En France, chaque semaine, des femmes qui n’ont pas appris à pédaler dans l’enfance s’initient au sein d’associations, dans des quartiers souvent mal desservis par les transports en commun. Elles conquièrent ainsi une autonomie de déplacements à moindres frais. Il faut voir l’enthousiasme des lycéennes récemment arrivées en France que je forme à Evry (Essonne) dans mon lycée, qui peuvent alors pratiquer aux côtés de leurs frères ou cousins. Des ateliers sont aussi de plus en plus souvent réservés aux femmes pour qu’elles apprennent à réparer leur vélo, et gagnent ainsi en confiance en elles et en autonomie.

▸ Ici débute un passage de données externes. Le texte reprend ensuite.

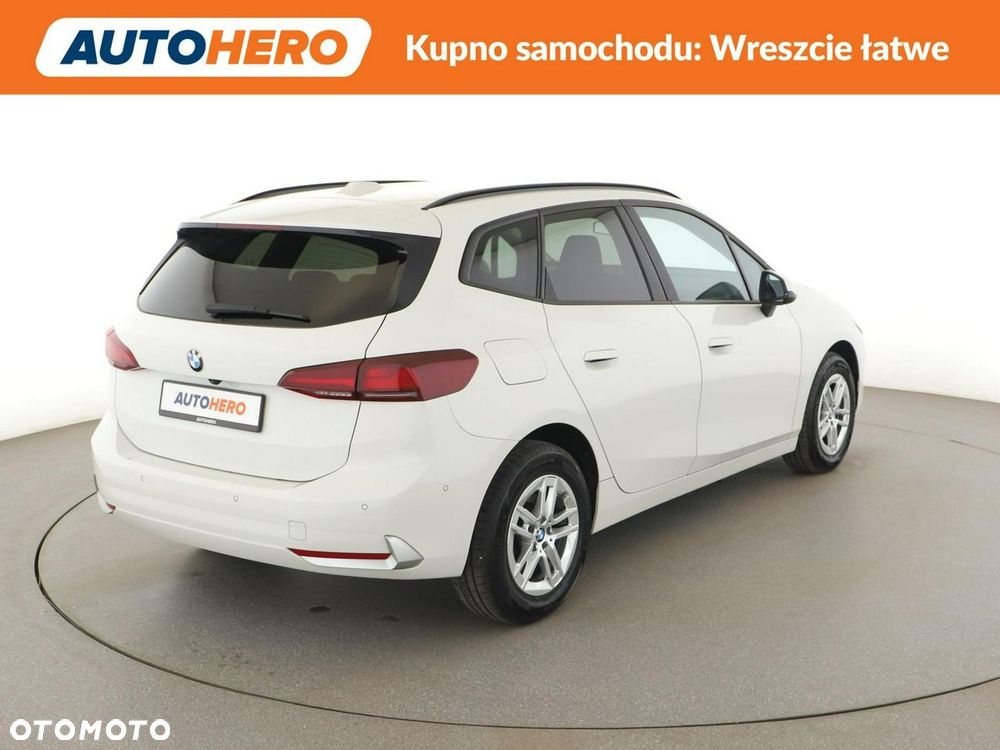 BMW Seria 2 218d - 8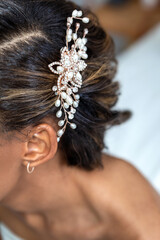 Large flowery glamorous bridal hair pin with pearls and diamante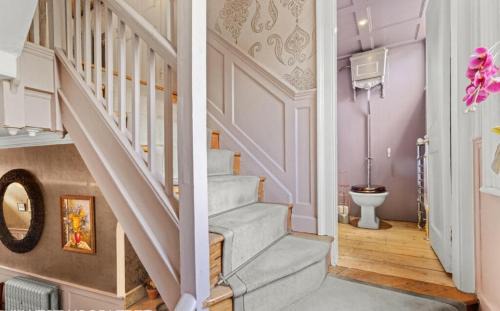 Hertingfordbury Villa | London- Large Period Town House with river front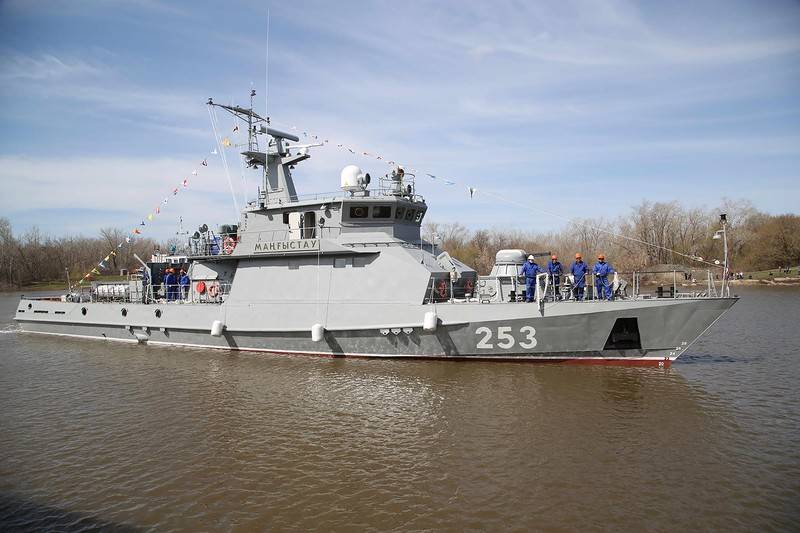 Ракетно-артиллерийский корабль "Мангыстау" спущен на воду в Казахстане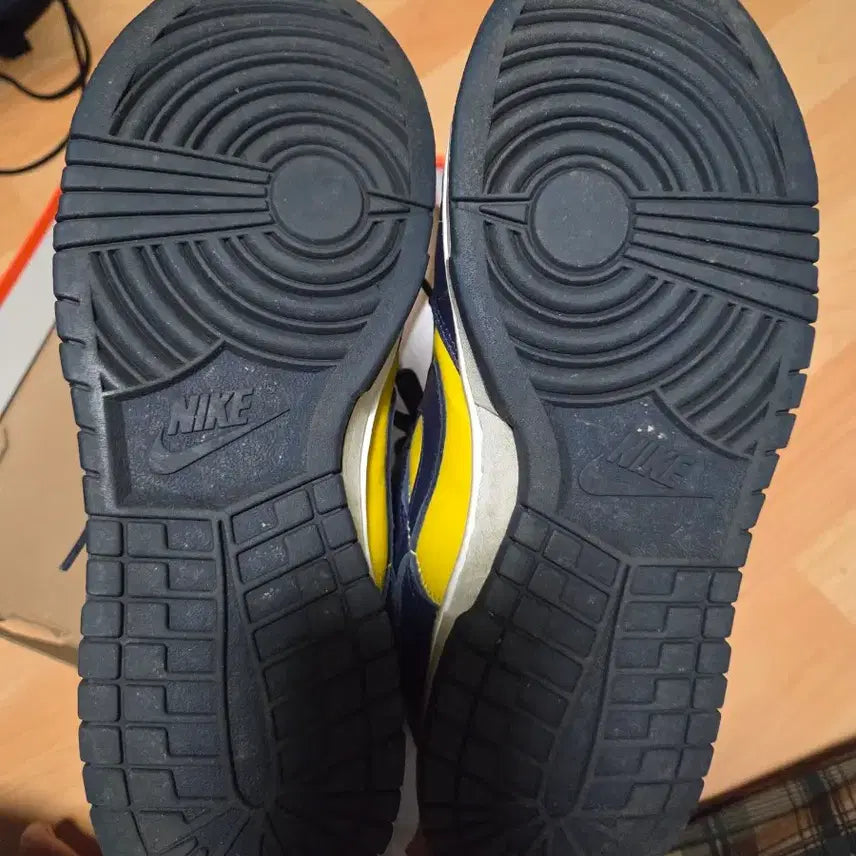 [BUNJANG] Nike Dunk Low Yellow/Navy Sneakers / 나이키 덩크 로우 옐로우/네이비 스니커즈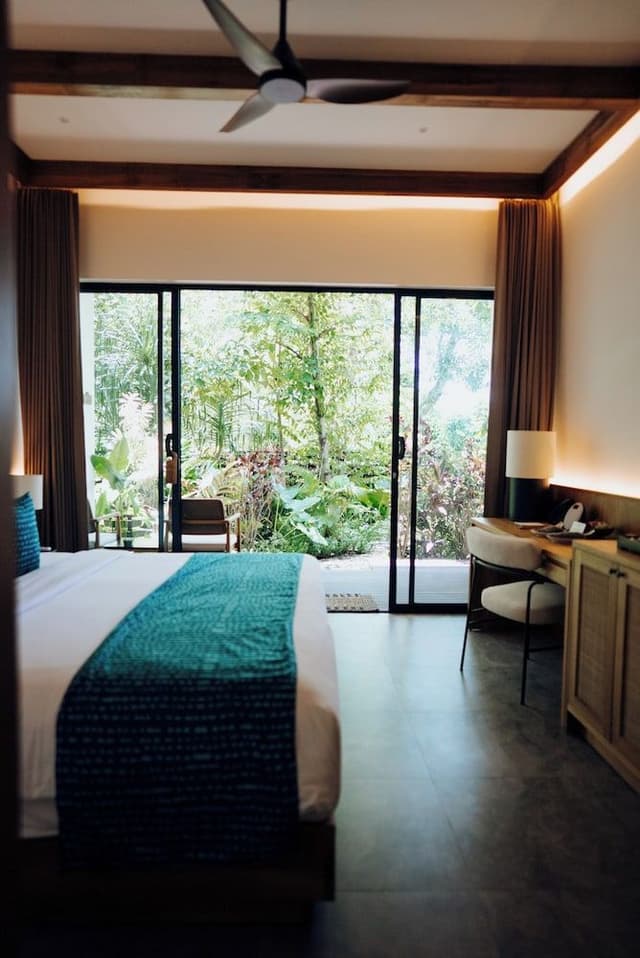 Room, Garden View
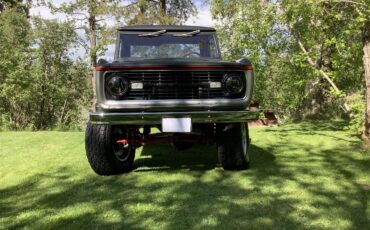 Ford-Bronco-1966-Black-14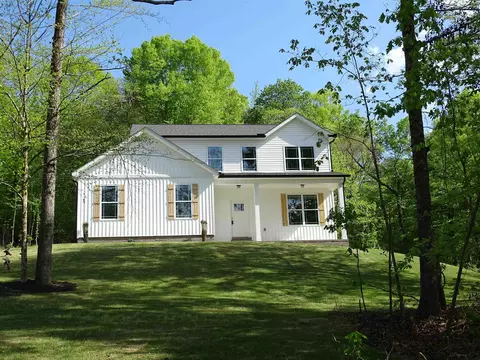 Exterior - 751 Pearson Town Rd, Moore, SC 29369 photo 4 of 6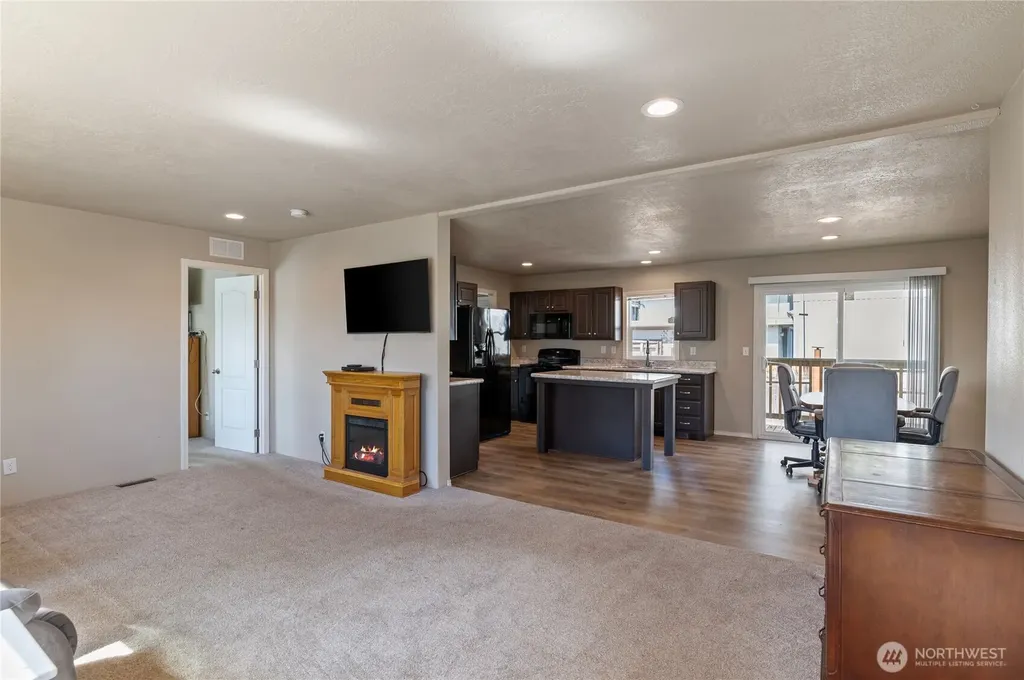 5219 5th Street Bremerton WA 98312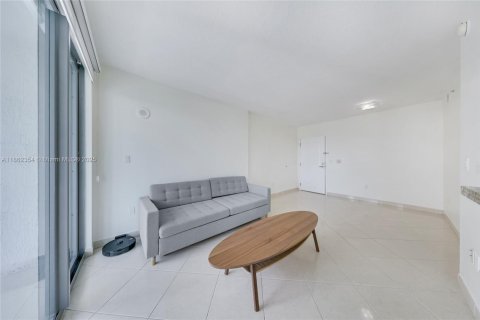 Condo in Miami Beach, Florida, 1 bedroom  № 1978729 - photo 4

L’histoire du vélo s’est construite à deux vitesses pour les hommes et les femmes à travers l’histoire et le monde. L’expérience nous montre que les avancées du vélo féminin sont toujours le résultat des combats menés par des femmes, qui ont ainsi organisé leur propre intégration. Si rien n’est jamais acquis, je veux croire que les femmes sont l’avenir du vélo par le réservoir qu’elles représentent de futures pratiquantes qui ne le savent pas encore. J’ai confiance dans le futur pour que femmes et hommes travaillent ensemble à une plus grande égalité dans notre sport.